Design Considerations¶
Tip
This page explains how deface simplifies the data and eliminates redundant fields while ensuring that all content is preserved. It may be more approachable if you first run the tool and compare input to output.
The design and implementation of deface adhere to three principles:
Preserve independent semantic concepts as records. Also preserve all key, value pairs within those records. Critically, the immediate key of a semantically relevant value does not change.
Simplify the data: Eliminate unnecessary structure as well as obviously redundant values. The latter may involve reconciling fields with different names in different records.
Strictly validate all inputs and fail immediately when data diverges from expectation. The presence of unknown or unexpected fields must trigger a validation failure.
The preservation principle applies to the leaves of the JSON graph, that is,
keys with scalar values including text, and to interior nodes that are
meaningful in the domain of social media posts, e.g., not only posts themselves
but also media, events, or locations. At the same time, they do not include
artifacts of Facebook’s fairly elaborate JSON encoding. For example, a post’s
attachments
and data
keys, if present, have lists of singleton objects
as values. Each nested singleton object is a key, value pair representing a
property of the post, with some keys appearing in multiple singleton objects to
specify multiple values.
{
"timestamp": 946684799,
"data": [
{
"post": "Let's party like it's 1999!"
},
{
"update_timestamp": 946684800
}
]
}
The obvious and more concise alternative is to add all keys to the post object itself and to use lists of values where the more elaborate encoding repeats a key.
{
"timestamp": 946684799,
"post": "Let's party like it's 1999!",
"update_timestamp": 946684800
}
The simplification principle also applies to the attachments
and data
introduced above because they aren’t meaningful in the domain of social media
posts. A more subtle application of the simplification principle are places in
the original Facebook post data: Such locations are included amongst a post’s
attachments and their coordinate
attributes are nested objects with the
latitude
and longitude
. Since coordinates and locations are related
rather than independent concepts, the simplification principle does apply. The
corresponding transform removes the nested object after hoisting its contents
into the outer object.
In addition to the encoding being already rather elaborate, Facebook’s post data contains a surprising amount of duplicated data. For example:
Posts containing several photos and/or videos may be represented as that many post objects with identical
timestamp
andpost
body but different media objects describing those photos and/or videos.All of a post’s media objects may have the same
description
, which may also be the same as thepost
body.Very few posts have more than one place. If they do, they usually have two locations that differ only in
url
, with one location object havingNone
and the other having a string value.
In all these cases, the simplification principle applies, but the implementation
must take care to preserve all information. For example, when combining media
objects, that means distinguishing them by uri
, the path to the actual photo
or video, while also ensuring that the other attributes don’t gratuitously
diverge. When hoisting descriptions from media objects to posts, that means
ensuring that all of a post’s media have the same description. And when removing
redundant locations, that means not dropping the one with the URL.

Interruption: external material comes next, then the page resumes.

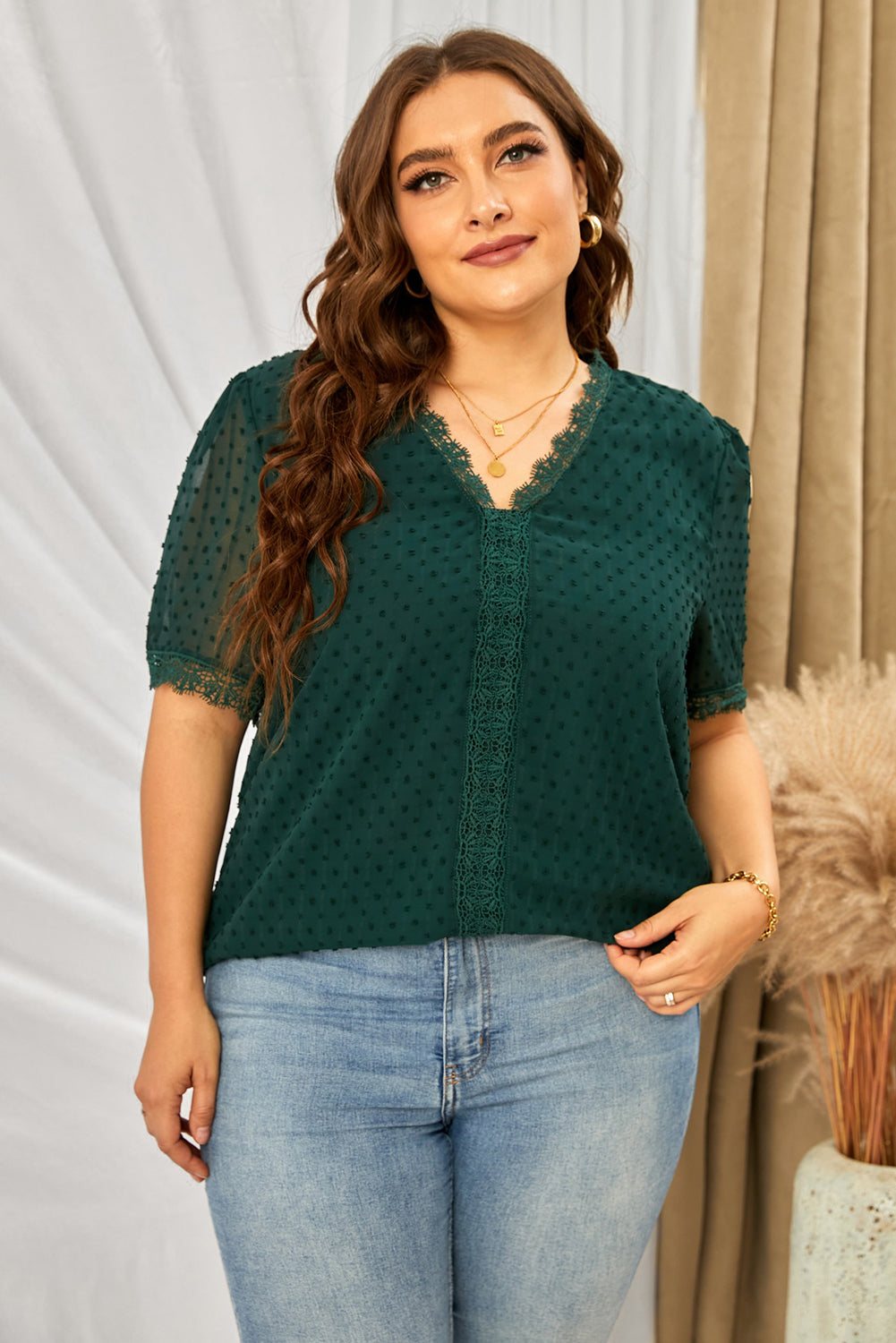 Swiss Dot Spliced Lace V-Neck Blouse - FunkyPeacockStore (Store description)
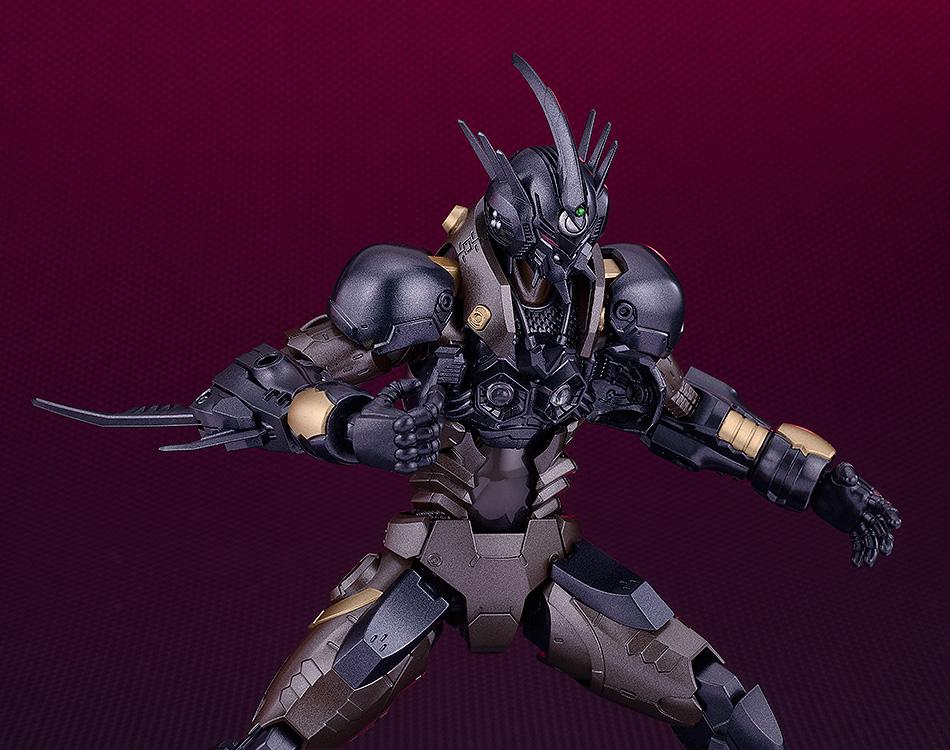 Model kit detail showing the Guyver 03 chest plates opening to reveal the iconic Mega-Smasher weapon mechanism.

The validation principle goes beyond the preservation principle by requiring human intervention when the original Facebook data deviates from the expected schema. More permissive designs such as protocol buffers are certainly feasible but critically depend on common rules for compatible schema evolution. That is not feasible for this use case and hence the only reasonable option is to disallow automatic schema evolution. Since posts are independent top-level entities, that doesn’t mean to terminate post processing upon first failure. We can still process the remaining posts, one at a time. The validation principle would suggest not saving such a partial result. But pragmatic concerns point towards users having that option. After all, having some posts seems better than having none posts.
Tip
More detailed notes on the different entities potentially belonging to a post
as well as on individual attributes are included in the API documentation for
deface.model
, which defines deface’s schema.